Together with our partners we lobby with governments, companies and other parties involved. They must take the responsibility to protect child migrants and victims of child trafficking. This is why for instance we organise awareness campaigns for companies that exploit children, consumers, policy makers and the children themselves.

Legal aid

We advocate the prosecution of human traffickers and exploiters. We also support the victims of child trafficking with legal aid. Police and justice staff receive training from us, enabling them to question victims in a child-friendly way. We also stimulate communities to collect and report information on suspected child trafficking or exploitation.

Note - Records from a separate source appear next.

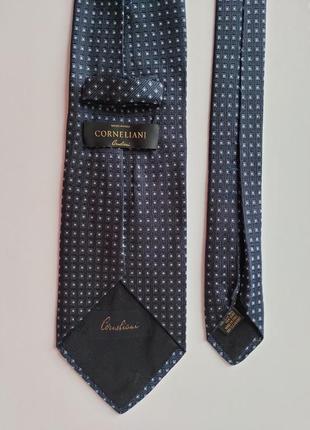 Краватка галстук corneliani1 фото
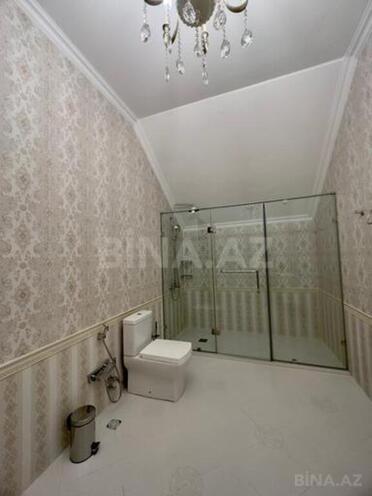 7 otaqlı həyət evi/bağ evi - Quba - 300 m² (12)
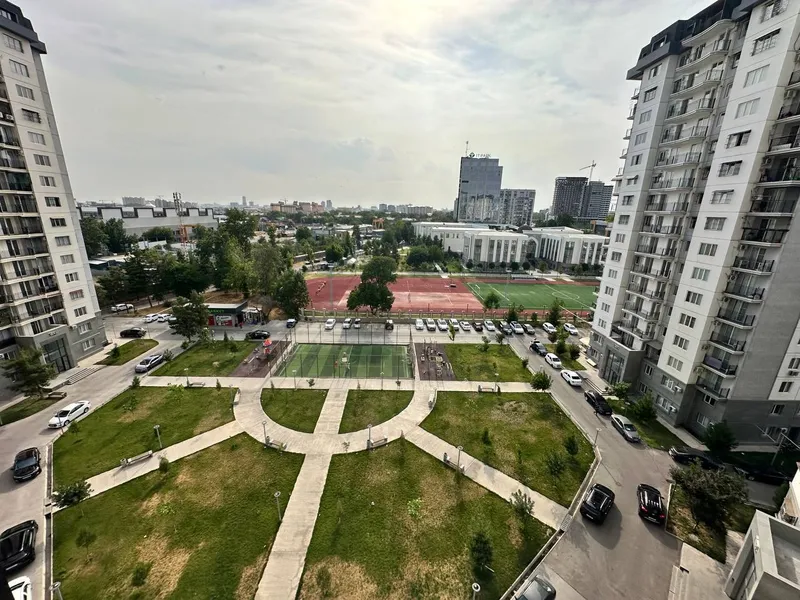 Аренда, Махтумкули (Беш-Чинор), 2/8/14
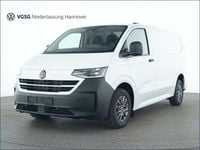 Gebraucht VW Transporter 170 PS (125 kW) 2025 Weiß Van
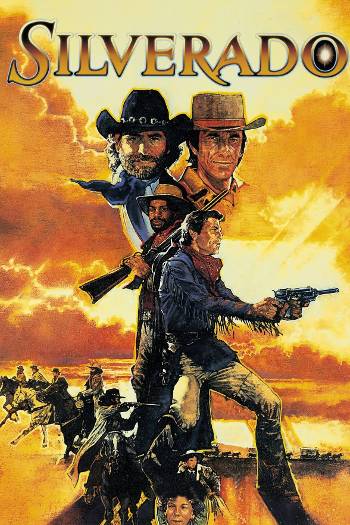 Download Silverado 1985 Dual Audio [Hindi 5.1-Eng] BluRay Movie 1080p 720p 480p HEVC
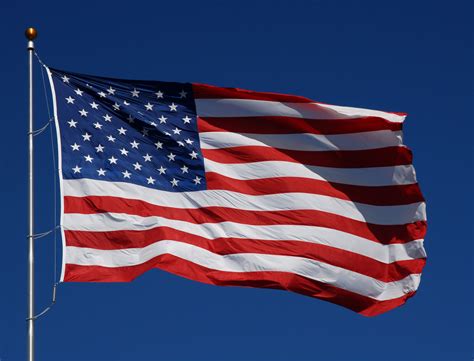 american flag crossfit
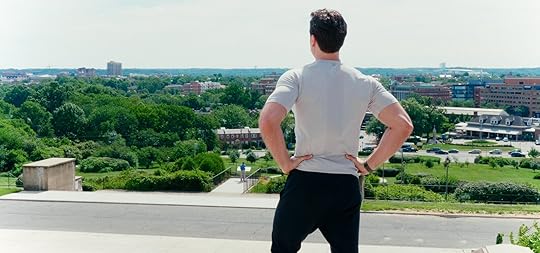 everything amazing nobody happy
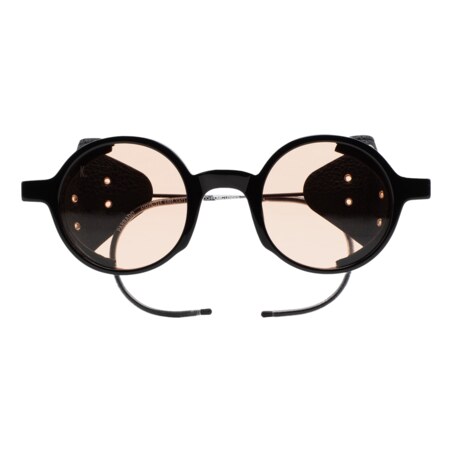 GAFAS DE SOL KALEOS PARRADO - NEGRA LENTE FOTOCROMÁTICA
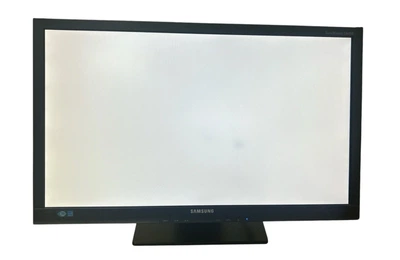 Монітор 24" LED TN+Film, Samsung S24A450B, 1920х1080 (16:9), 5мс, VGA, DVI -С Б/В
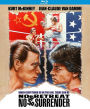 No Retreat, No Surrender [Blu-ray]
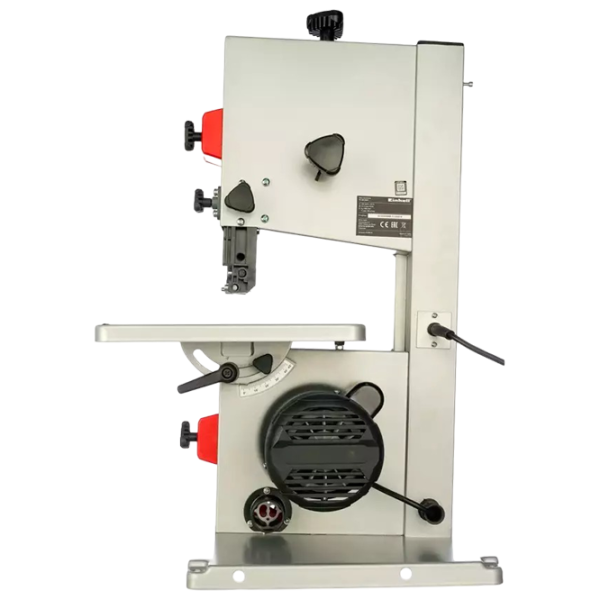 Ленточнопильный станок Einhell TC-SB 200/1 250 Вт / 900 м/мин photo 3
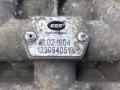 кран четырехконтурный защитный Volvo FH 2 поколение 2007, 12.8 л., D13A400, дизель, 12, 18021604 - фото №7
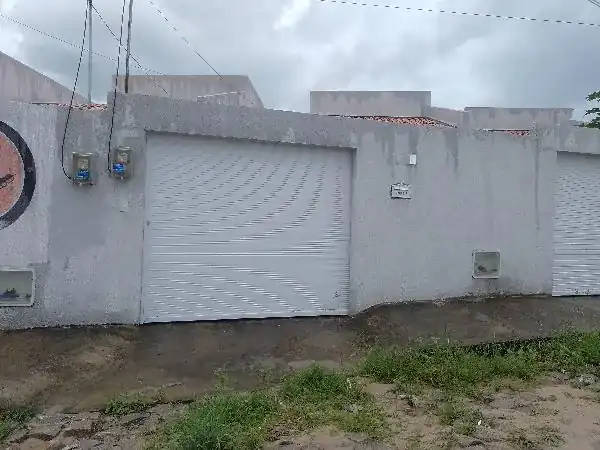 Casa em VERTENTE, HORIZONTE - CE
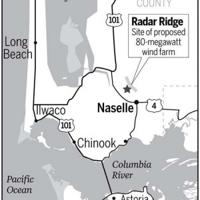 Radar Ridge wind project suffers investment setback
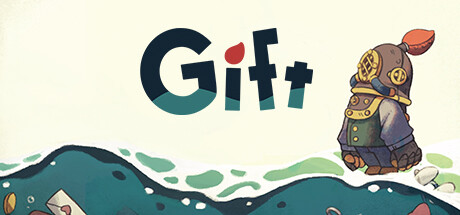 沉船遗礼 v1.1（Gift）免安装中文版-GM999资源网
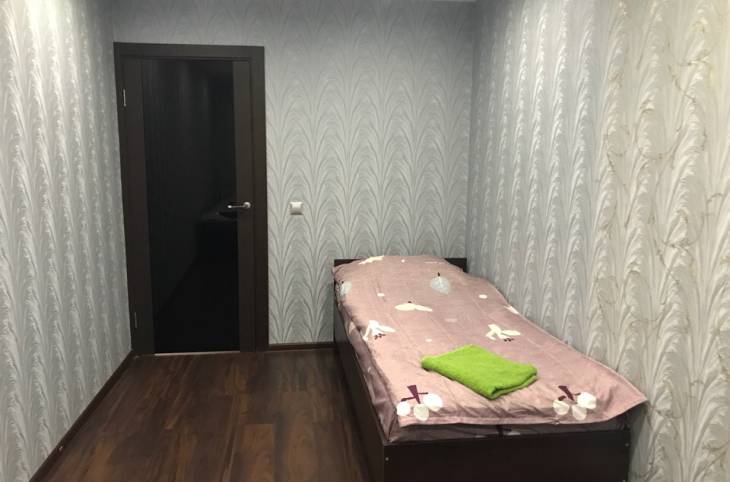 3-Комнатная квартира на сутки в  Солигорске,  Ленина ул., 1    изображение 9 - kvartirka.by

Some of the results of our work in the field of child trafficking and unsafe child migration in the first part of 2017:

  • In Cambodja 58 boys and 86 girls have been brought to safety
  • In Bangladesh 603 civil servants, like teachers, laywers and other stakeholders in the fight against child trafficking received training
  • In Laos 29 children and adolescents have been trained as 'agents of change' to raise awareness about child trafficking and unsafe migration in their communities
  • In Myanmar 188 community members participated in educational activities to raise awareness
  • In India 2.358 community members with vulnerable children participated in awareness raising activities
  • In Thailand 29 representatives of ngo's received children's rights training, and learned how to promote children's rights within the public and private sector
  • In Myanmar 19 street theatershows for children were organised to raise awareness about child trafficking.